Captioned web image data:
━━━━━━━━━━━━━━━━
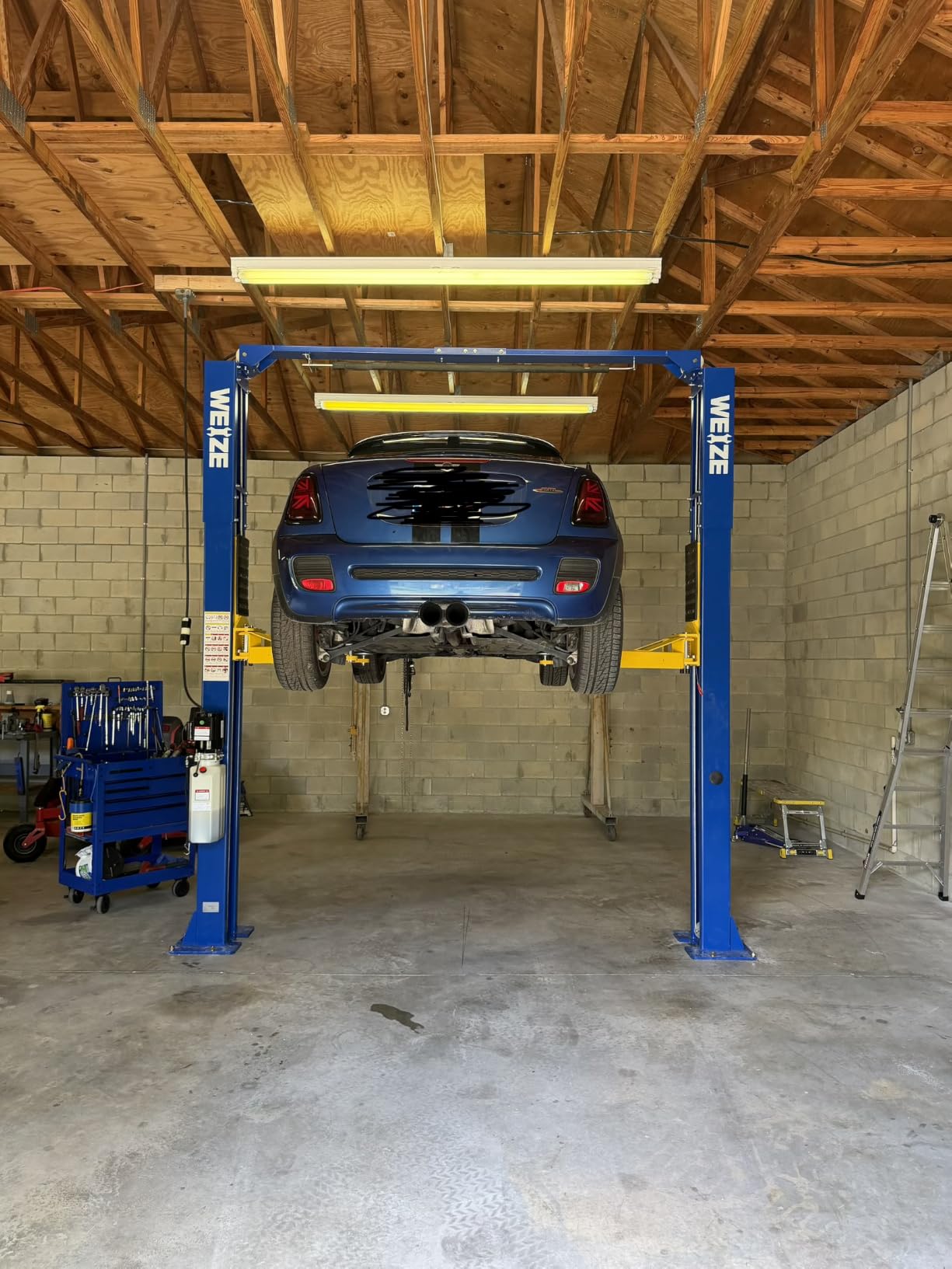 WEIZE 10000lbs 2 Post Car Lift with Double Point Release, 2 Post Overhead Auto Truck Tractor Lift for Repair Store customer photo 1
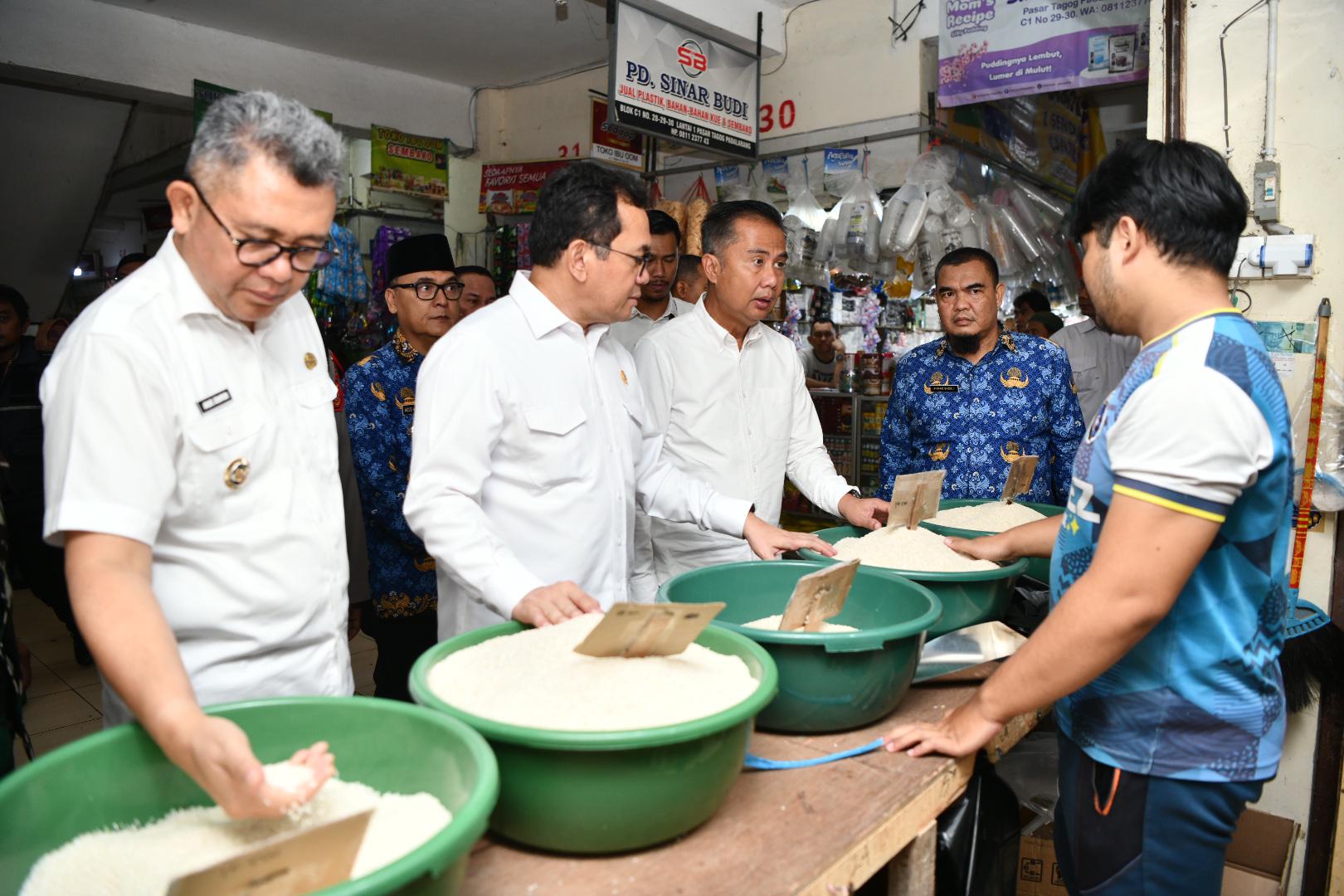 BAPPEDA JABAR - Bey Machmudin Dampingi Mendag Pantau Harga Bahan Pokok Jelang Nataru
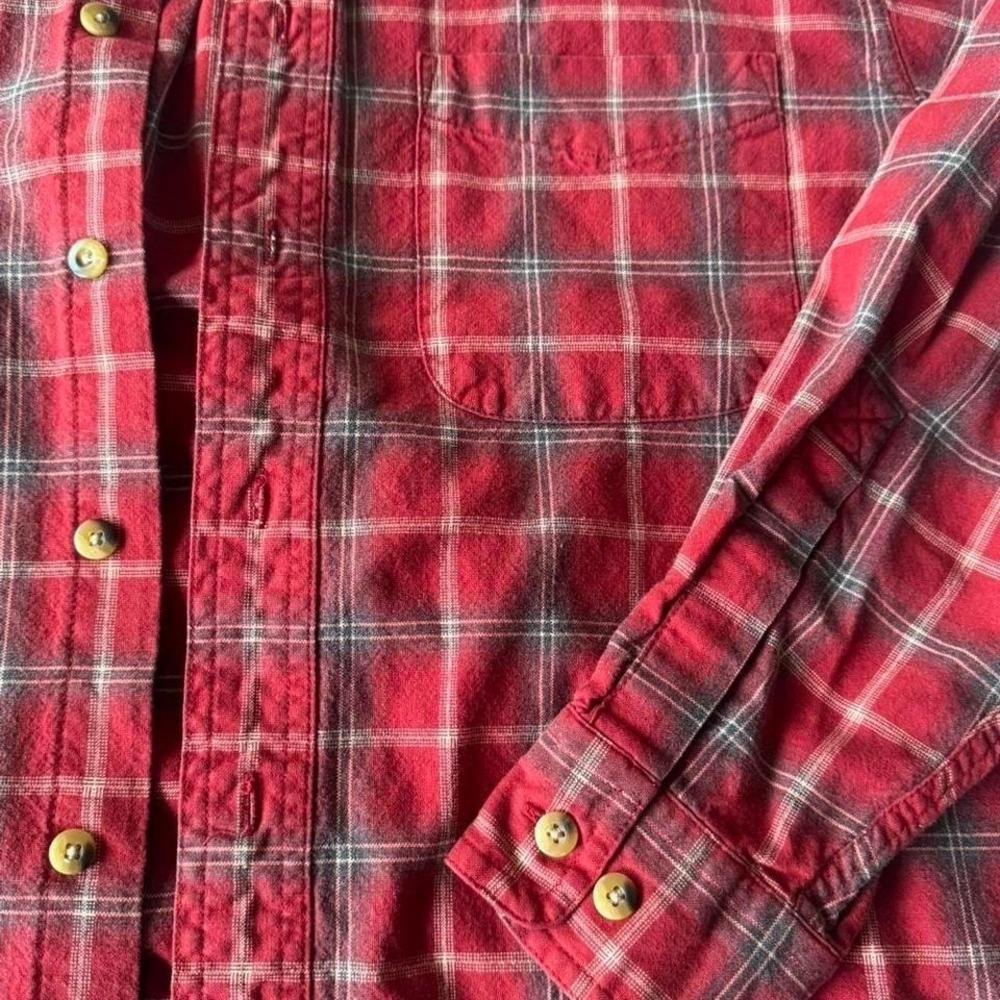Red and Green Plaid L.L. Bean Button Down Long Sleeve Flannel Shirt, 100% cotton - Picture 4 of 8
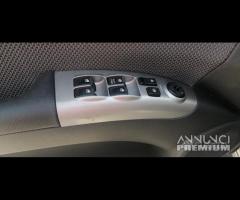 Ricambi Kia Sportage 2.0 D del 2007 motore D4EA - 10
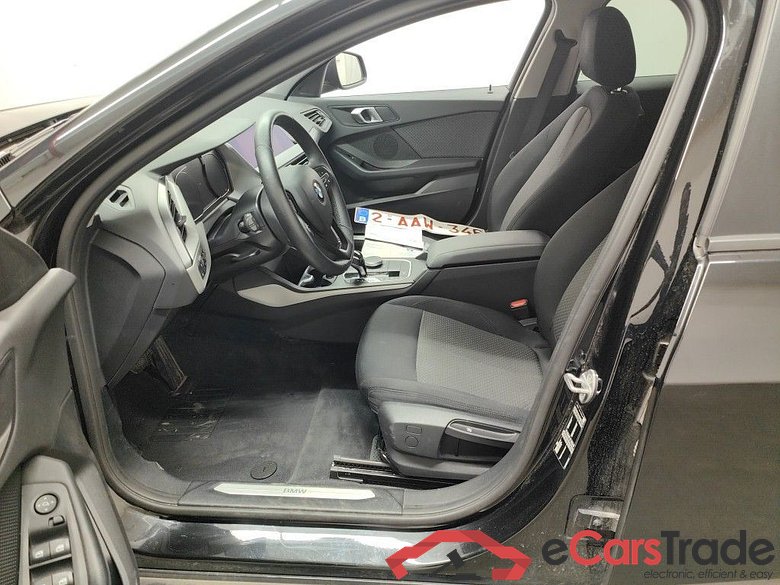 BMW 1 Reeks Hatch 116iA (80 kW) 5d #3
━━━━━━━━━━━━━━━━
Would you print all the entries again exactly, minus any pictures?

 WEIZE 10000lbs 2 Post Car Lift with Double Point Release, 2 Post Overhead Auto Truck Tractor Lift for Repair Store customer photo 1
 BAPPEDA JABAR - Bey Machmudin Dampingi Mendag Pantau Harga Bahan Pokok Jelang Nataru
Red and Green Plaid L.L. Bean Button Down Long Sleeve Flannel Shirt, 100% cotton - Picture 4 of 8
 Ricambi Kia Sportage 2.0 D del 2007 motore D4EA - 10
 BMW 1 Reeks Hatch 116iA (80 kW) 5d #3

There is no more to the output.